▶ _DATA EXTRACT_:
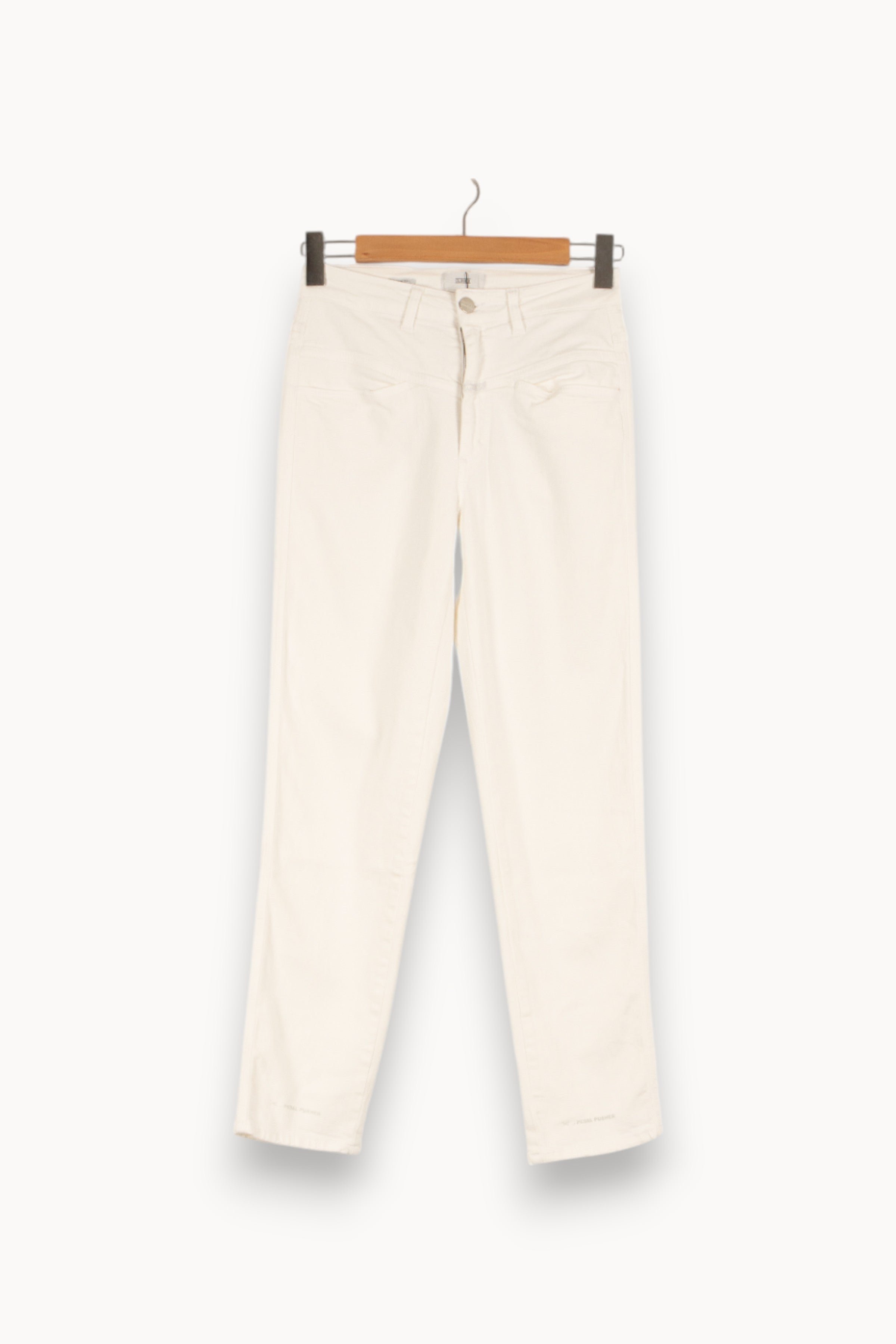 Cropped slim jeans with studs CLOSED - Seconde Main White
==
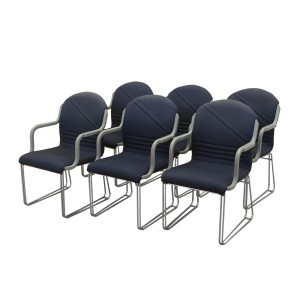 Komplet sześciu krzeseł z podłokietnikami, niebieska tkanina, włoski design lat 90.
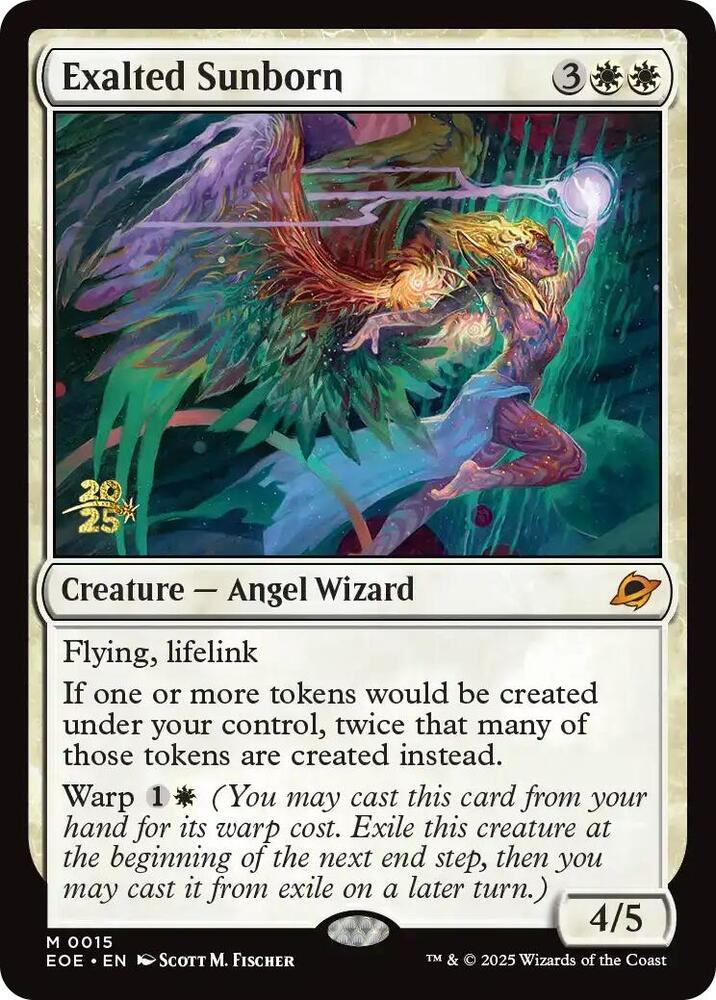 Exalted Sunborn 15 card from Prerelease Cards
* * *
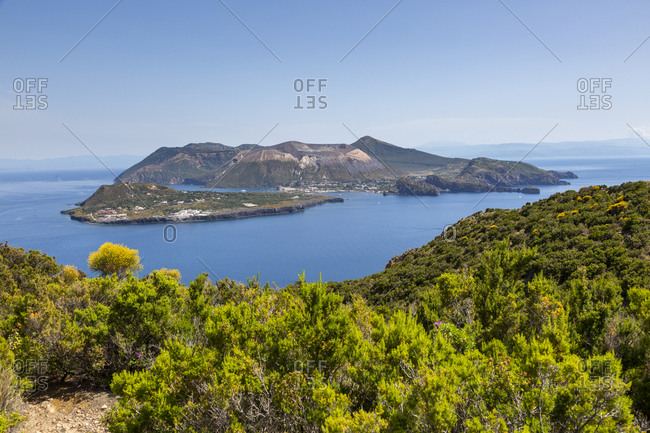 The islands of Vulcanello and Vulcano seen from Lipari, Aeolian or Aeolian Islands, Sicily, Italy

▶ _PROBLEM DESCRIPTION_: Taking the material above, give again exactly the lines from the one holding "Komplet sześciu krzeseł" through the one holding "Exalted Sunborn 15", with both ends and without pictures.

▶ _PROBLEM SOLUTION_:
 Komplet sześciu krzeseł z podłokietnikami, niebieska tkanina, włoski design lat 90.
 Exalted Sunborn 15 card from Prerelease Cards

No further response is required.